The St. Peter Sandstone is an Ordovician geological formation. It belongs to the Chazyan stage of the Champlainian series in North American regional stratigraphy, equivalent to the late Darriwilian global stage. This sandstone originated as a sheet of sand in clear, shallow water near the shore of a Paleozoic sea and consists of fine-to-medium-size, well-rounded quartz grains with frosted surfaces. The extent of the formation spans north–south from Minnesota to Arkansas and east–west from Illinois into Nebraska and South Dakota. The formation was named by David Dale Owen (1847) after the Minnesota River, then known as the St. Peter River. The type locality is at the confluence of the Mississippi and Minnesota Rivers near Fort Snelling, Minnesota. In eastern Missouri, the stone consists of quartz sand that is 99.44% silica.

==Outcrop==
In Minnesota, the soft St. Peter Sandstone can be observed at the bluffs of the Mississippi River valley beneath a very thin layer of Glenwood Shale and a much thicker layer of Platteville limestone. Examples can be seen in the Mississippi River Gorge and at Minnehaha Falls in Minneapolis, the bluffs from downtown to Mounds Park in Saint Paul, and Minneopa Falls near Mankato. In Illinois, Castle Rock is a large bluff of St. Peter Sandstone, and Starved Rock State Park and Matthiessen State Park feature numerous outcroppings and canyons.

==Commercial use==
St. Peter sandstone, also called "Ottawa Sand" in commercial applications, has a relatively uniform size and shape for each grain. It is used for the manufacture of glass, for filter and molding sand, and for abrasives. Its purity is especially important to glassmakers.
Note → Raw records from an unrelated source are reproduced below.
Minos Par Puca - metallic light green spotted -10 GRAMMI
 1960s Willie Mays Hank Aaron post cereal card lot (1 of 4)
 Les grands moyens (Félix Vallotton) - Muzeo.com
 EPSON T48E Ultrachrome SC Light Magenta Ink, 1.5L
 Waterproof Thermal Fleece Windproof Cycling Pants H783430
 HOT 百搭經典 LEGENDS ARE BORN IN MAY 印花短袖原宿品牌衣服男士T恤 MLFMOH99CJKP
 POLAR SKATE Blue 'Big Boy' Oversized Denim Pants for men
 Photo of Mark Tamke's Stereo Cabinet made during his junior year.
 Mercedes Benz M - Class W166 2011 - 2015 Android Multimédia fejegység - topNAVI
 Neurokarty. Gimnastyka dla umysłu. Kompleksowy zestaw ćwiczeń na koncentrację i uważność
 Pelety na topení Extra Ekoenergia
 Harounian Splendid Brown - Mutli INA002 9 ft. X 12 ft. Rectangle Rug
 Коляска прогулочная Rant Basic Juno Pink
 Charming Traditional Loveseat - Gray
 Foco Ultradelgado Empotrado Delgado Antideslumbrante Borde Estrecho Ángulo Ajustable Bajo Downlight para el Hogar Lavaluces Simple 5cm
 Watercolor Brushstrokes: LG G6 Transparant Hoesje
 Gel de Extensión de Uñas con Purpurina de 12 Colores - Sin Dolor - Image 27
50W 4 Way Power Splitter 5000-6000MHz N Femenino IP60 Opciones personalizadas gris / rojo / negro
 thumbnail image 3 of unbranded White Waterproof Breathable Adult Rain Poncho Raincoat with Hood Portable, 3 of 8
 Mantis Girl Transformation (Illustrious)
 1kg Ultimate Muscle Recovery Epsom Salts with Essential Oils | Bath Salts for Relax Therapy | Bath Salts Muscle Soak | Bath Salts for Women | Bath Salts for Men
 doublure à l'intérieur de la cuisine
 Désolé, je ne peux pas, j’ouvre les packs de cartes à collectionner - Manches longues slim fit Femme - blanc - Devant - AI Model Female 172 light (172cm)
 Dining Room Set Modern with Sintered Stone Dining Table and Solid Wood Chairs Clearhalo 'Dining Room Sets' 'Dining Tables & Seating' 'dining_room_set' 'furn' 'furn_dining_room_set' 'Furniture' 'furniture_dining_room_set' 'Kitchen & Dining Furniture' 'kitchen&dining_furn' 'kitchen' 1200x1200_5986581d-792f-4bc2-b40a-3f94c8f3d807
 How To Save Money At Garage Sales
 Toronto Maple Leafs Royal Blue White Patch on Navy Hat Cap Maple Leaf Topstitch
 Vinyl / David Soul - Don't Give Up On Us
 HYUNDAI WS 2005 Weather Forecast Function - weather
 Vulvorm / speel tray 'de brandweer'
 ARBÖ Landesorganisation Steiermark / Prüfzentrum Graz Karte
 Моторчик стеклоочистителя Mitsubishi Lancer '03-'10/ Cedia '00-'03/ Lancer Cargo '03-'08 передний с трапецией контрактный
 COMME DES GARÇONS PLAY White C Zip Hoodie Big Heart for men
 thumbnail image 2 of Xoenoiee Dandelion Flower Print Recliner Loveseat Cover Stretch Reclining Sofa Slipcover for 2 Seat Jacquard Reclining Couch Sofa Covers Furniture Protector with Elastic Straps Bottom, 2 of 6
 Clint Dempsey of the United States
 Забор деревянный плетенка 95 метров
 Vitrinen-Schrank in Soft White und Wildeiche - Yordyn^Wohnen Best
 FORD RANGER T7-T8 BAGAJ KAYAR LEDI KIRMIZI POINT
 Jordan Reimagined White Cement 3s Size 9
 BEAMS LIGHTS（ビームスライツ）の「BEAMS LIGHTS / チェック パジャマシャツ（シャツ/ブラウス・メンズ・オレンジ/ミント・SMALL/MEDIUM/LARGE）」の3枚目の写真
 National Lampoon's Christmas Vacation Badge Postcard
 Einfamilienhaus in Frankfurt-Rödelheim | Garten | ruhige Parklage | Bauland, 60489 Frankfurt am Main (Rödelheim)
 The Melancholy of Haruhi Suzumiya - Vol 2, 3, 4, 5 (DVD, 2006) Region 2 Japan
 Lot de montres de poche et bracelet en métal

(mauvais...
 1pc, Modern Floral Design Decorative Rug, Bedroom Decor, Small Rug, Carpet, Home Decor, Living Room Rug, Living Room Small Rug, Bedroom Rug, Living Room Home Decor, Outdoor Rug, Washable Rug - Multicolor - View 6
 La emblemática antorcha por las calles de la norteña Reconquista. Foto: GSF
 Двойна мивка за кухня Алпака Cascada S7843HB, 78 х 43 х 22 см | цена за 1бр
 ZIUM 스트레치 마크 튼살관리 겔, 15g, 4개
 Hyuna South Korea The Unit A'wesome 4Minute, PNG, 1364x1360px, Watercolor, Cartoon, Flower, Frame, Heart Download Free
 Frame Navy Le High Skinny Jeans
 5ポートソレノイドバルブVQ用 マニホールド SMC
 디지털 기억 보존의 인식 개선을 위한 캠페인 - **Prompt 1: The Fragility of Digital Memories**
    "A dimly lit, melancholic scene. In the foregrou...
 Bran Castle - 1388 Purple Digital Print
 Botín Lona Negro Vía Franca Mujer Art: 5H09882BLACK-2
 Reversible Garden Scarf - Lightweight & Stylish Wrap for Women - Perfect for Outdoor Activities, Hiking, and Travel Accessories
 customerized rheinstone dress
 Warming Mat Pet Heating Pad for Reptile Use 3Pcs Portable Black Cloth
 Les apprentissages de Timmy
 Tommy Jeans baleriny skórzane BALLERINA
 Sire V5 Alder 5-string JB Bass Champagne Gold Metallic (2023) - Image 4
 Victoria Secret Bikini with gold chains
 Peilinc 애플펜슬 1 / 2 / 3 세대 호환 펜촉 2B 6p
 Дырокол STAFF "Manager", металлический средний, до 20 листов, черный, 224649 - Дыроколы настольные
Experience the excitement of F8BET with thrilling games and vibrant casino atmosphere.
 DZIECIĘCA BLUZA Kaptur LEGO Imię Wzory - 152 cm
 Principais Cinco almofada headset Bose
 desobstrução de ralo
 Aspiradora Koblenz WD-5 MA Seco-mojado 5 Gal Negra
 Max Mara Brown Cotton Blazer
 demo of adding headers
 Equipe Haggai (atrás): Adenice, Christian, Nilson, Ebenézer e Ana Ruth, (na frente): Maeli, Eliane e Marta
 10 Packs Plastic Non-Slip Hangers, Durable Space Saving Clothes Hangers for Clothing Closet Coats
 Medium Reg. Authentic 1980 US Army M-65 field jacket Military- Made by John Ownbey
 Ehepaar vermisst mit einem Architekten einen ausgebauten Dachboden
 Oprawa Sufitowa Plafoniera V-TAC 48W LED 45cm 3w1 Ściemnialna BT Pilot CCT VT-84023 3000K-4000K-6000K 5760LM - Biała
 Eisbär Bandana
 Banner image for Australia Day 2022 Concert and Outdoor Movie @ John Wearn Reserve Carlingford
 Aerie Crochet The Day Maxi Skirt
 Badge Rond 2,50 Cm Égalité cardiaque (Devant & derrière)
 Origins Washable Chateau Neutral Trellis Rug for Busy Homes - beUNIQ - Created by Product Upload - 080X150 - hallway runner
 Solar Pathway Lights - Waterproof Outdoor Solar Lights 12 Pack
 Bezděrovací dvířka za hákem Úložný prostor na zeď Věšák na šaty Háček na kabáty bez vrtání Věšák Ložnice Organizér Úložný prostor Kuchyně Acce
It is also important, as proppant otherwise known as frac sand in oil and gas drilling - In Garnavillo, Iowa, Northeast Iowa the Pattson sand company has been mining the sand and shipping it to the fracking areas of the US via rail cars. loose sand pumped in a liquid mix under high pressure into a well where the sand grains wedge into and hold open any fractures in the rock, enhancing the extraction of hydrocarbons. The uniform particle size also makes the sand useful for laboratory experiments.

==Mining locations==
St. Peter sandstone is or has been mined

- Arkansas: Guion, Arkansas
- Illinois: Ottawa, Illinois, Sheridan, Illinois, Wedron, Illinois, Oregon, Illinois, and Naplate, Illinois
- Minnesota: Kasota, Minnesota and Ottawa Township, Minnesota
- Missouri: Pacific, Festus, Crystal City, Augusta, and Pevely
- Garnavillo, Iowa

The Unimin Corporation is a large producer of commercial sand and operates surface mines in many of these locations.